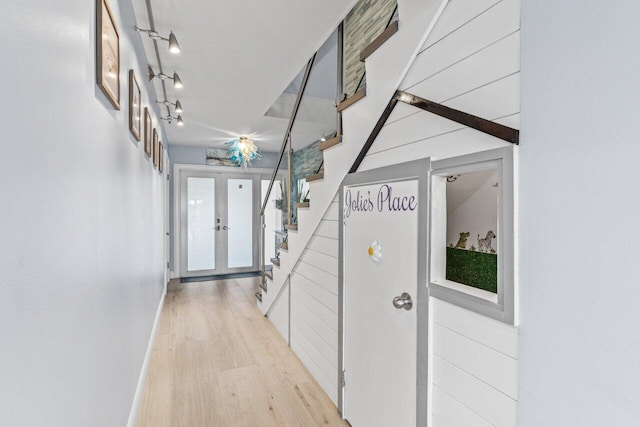 hall featuring light wood-type flooring, french doors, baseboards, and stairs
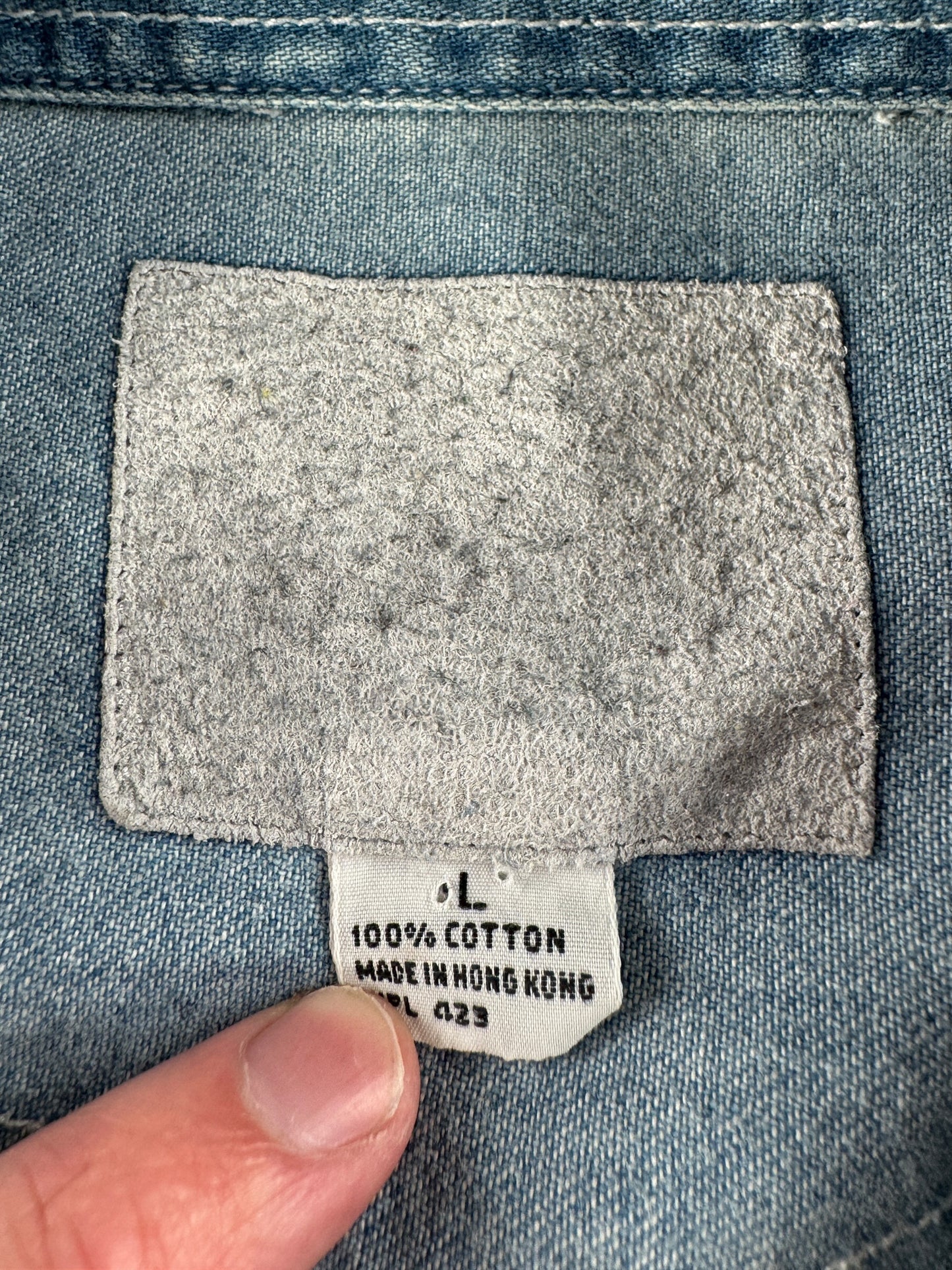 Close up tag of Vintage Levi's Silvertab Denim Button Up Shirt SZ L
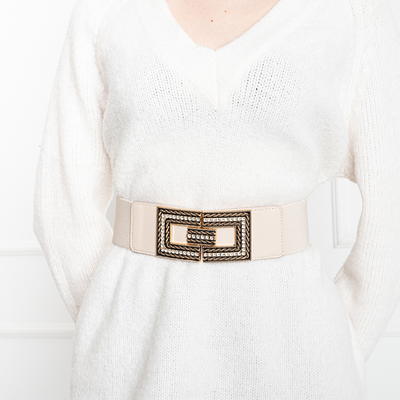 Бежевый эластичный ремень с золотой пряжкой со стразами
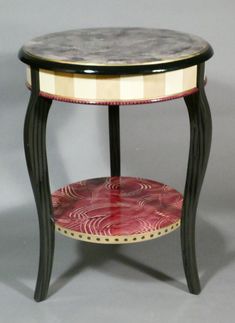 a small table with a red and black design on it's side shelf,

§

> _TASK OBJECTIVE_
When you copy the data, keep every line exact and drop the pictures.

> _ANSWER TO THE EXERCISE_
 hall featuring light wood-type flooring, french doors, baseboards, and stairs
 Close up tag of Vintage Levi's Silvertab Denim Button Up Shirt SZ L
 Бежевый эластичный ремень с золотой пряжкой со стразами
 a small table with a red and black design on it's side shelf,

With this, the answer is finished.